Please copy the data exactly as it stands, minus the images.

### Dataset extract
——

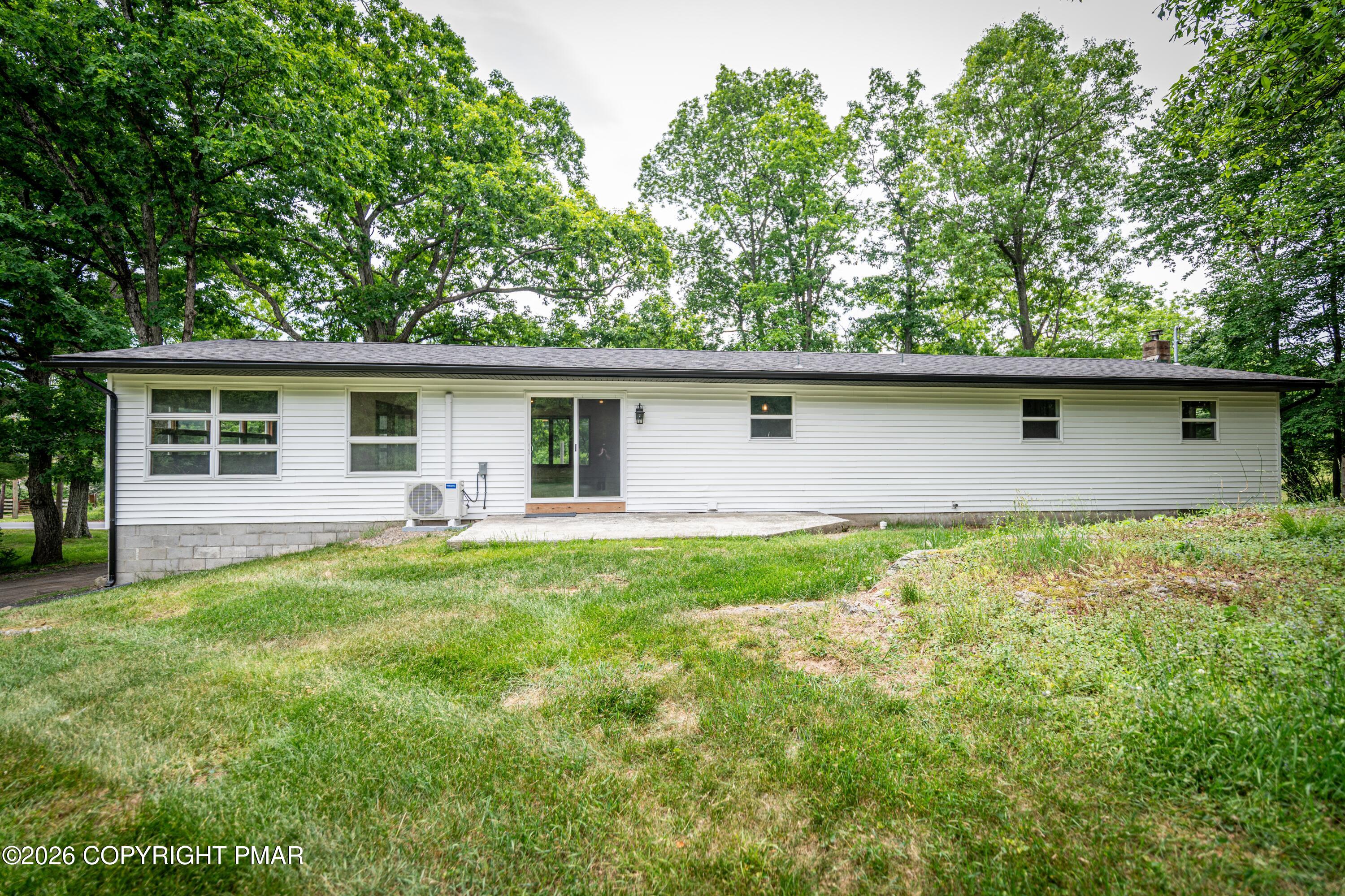 6011 Running Valley Road
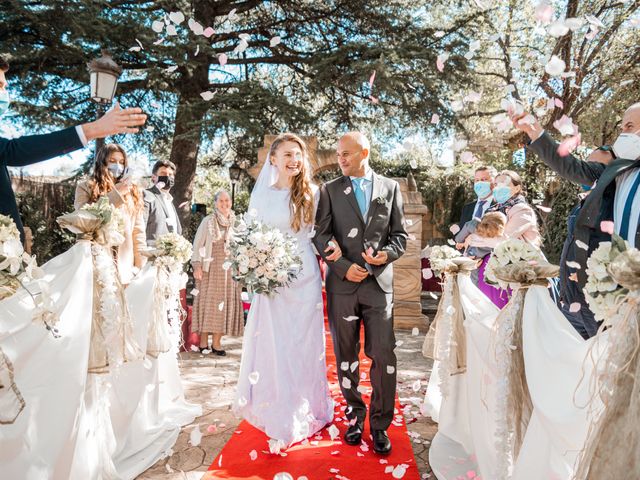 La boda de Alfredo y Marina en Talamanca Del Jarama, Madrid 34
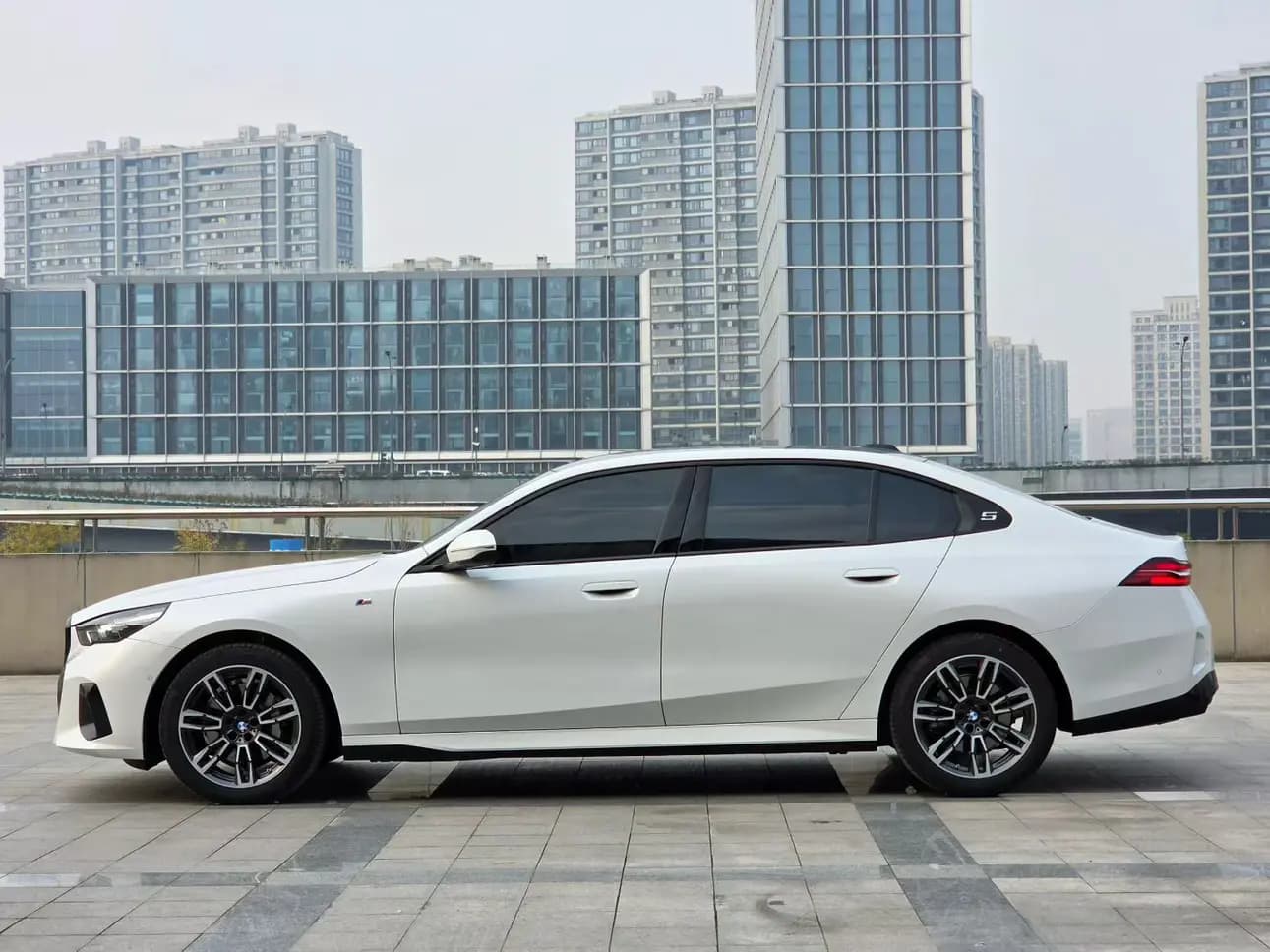 BMW 5 Series 2025 г. 14111 км. — фото 2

——

### Task response
 6011 Running Valley Road
 La boda de Alfredo y Marina en Talamanca Del Jarama, Madrid 34
 BMW 5 Series 2025 г. 14111 км. — фото 2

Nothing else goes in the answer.